As with all retroviruses, it reverse transcribes its RNA genome into cDNA before integration into the host DNA.
RSV was discovered in 1911 by Peyton Rous, working at Rockefeller University in New York City, by injecting cell free extract of chicken tumour into healthy Plymouth Rock chickens. The extract was found to induce oncogenesis. The tumour was found to be composed of connective tissue (a sarcoma). Thus, RSV became known as the first oncogenic retrovirus that could be used to study the development of cancer molecularly.

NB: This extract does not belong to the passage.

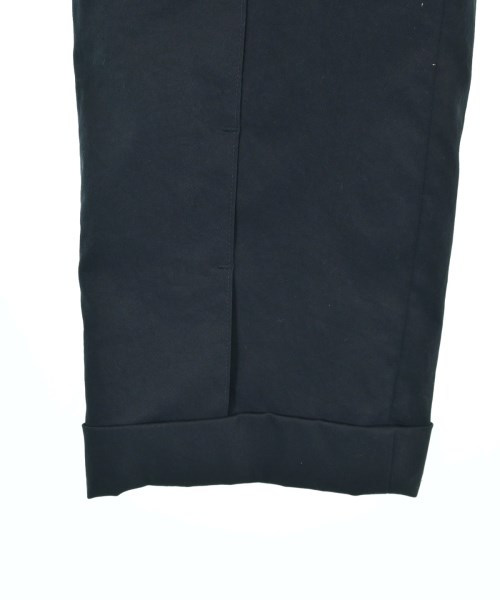 HIROKO KOSHINO TRUNK（ヒロココシノトランク）その他 紺 サイズ:36(XS位) レディース/2200640294168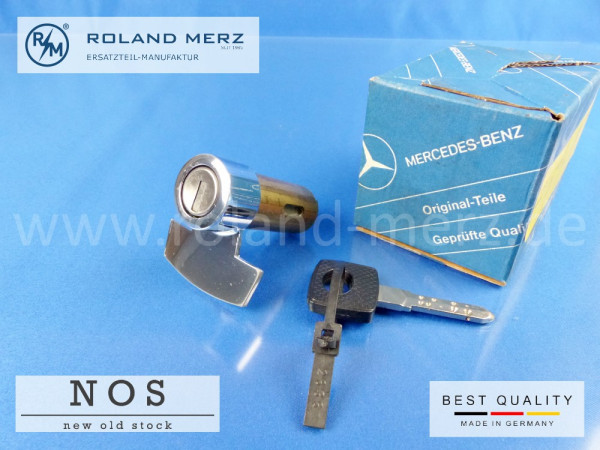 1008001674 Schloss Zylinder Mercedes W100 MB600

In 1958, Harry Rubin and Howard Temin developed an assay where chicken embryo fibroblasts could be altered morphologically by RSV infection. Two years later Temin concluded that the transformed morphology of the cells was controlled by a genetic property of RSV. At that time it was unknown, but later the src gene was identified as responsible for morphological transformation in healthy cells. During the 1960s, two findings emerged: replication-competent isolated viruses were related to RSV, but were non-transforming, and an isolated replication-defective strain of RSV was transformation-competent. These two findings gave rise to the notion that viral replication and malignant transformation are separate processes in RSV.
Rous was awarded the Nobel Prize in Physiology or Medicine for the significance of his discovery in 1966. Subsequently after other oncogenic human viruses, such as Epstein-Barr virus, were discovered. Furthermore, oncogenes were found initially in retroviruses and then in cells.
RSV is a class VI enveloped virus with a positive sense RNA genome having a DNA intermediate.